West Indies vice-captain Sarwan, a right-handed batsman from Guyana, scored only 3 and 23 in the first Test, which Pakistan won convincingly by nine wickets on Tuesday to take 1-0 lead in the three-Test series.
The second Test begins in Pakistan captain Inzamam-ul-Haq's hometown Multan from Sunday.
"Losing the first Test was a huge blow to us but we have two Tests to go," Sarwan said. "This one (Multan Test) is special because we have to win this to draw the series." The last Test of the series will be played at Karachi from November 27 to December 1.
"We would have to go in the final Test at Karachi with a win so that the series is still open but for that we have to play well in all departments."
Sarwan, who has scored 4,233 runs with nine centuries from 64 tests, has been in poor form for the last two months.
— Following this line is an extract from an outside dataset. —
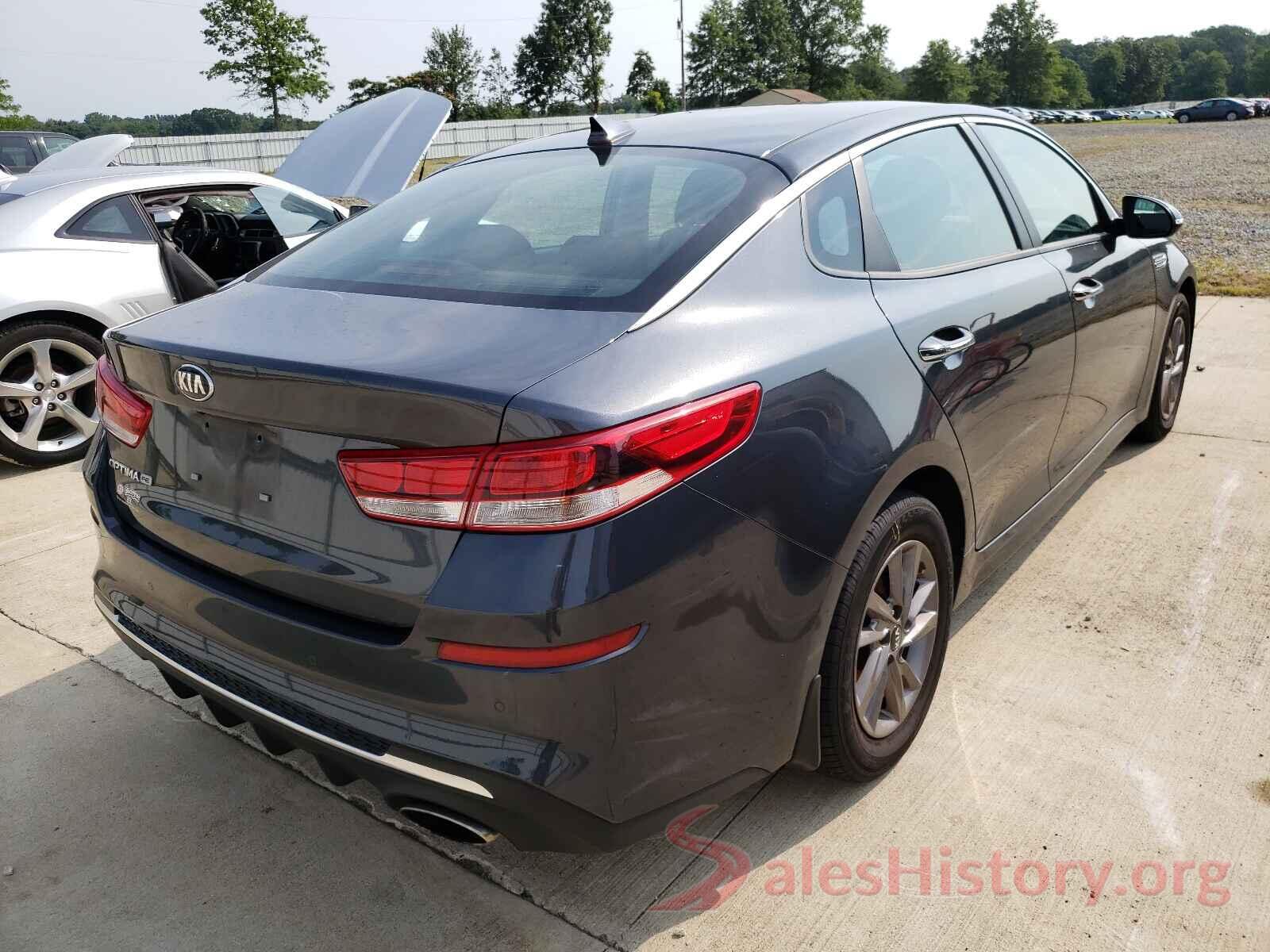 5XXGT4L37LG416861 2020 KIA OPTIMA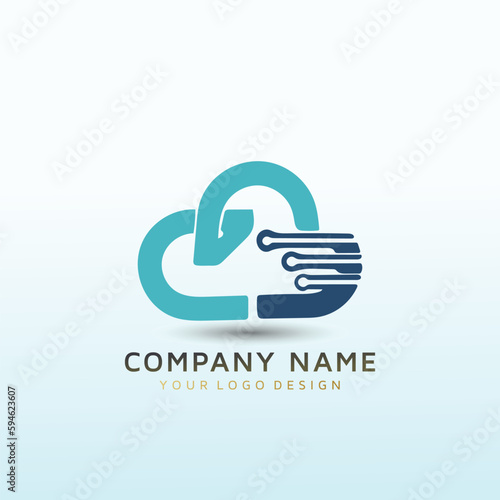 Cloud IT consulting service wants new logo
During a triangular series in Malaysia that included India and Australia, he scored only 112 runs in five matches. In the last month's Champions Trophy in India, he managed 137 runs in six innings.
"I have been in the poorest form for the longest while now and haven't scored on the entire trip to Asia," Sarwan said. "I am looking to put together a big score in this test to help my team. I am very determined than any other time."
Sarwan fell to a controversial decision by Sri Lankan umpire Asoka de Silva in the first test against Pakistan at Lahore, when television replays showed the ball hit the right-handed batsman high on the thigh pad.
"There were some other things which did not go well and those were totally out of our control," Sarwan said.
In the absence of two banned fast bowlers Shoaib Akhtar and Mohammad Asif, Pakistan's second string pacemen Umar Gul and Shahid Nazir took 15 wickets between them in the first test. Sarwan said the West Indies batsmen must improve if the team's bowlers are to be able to put pressure on Pakistan. The tourists batting lineup managed just 206 runs in the first innings at Lahore.
"Getting out for 206 on the first day on that sort of a wicket made it difficult for us to come back," Sarwan said. "We have to do our job and the bowlers have to do theirs," he said. "We need to prove ourselves in different situations."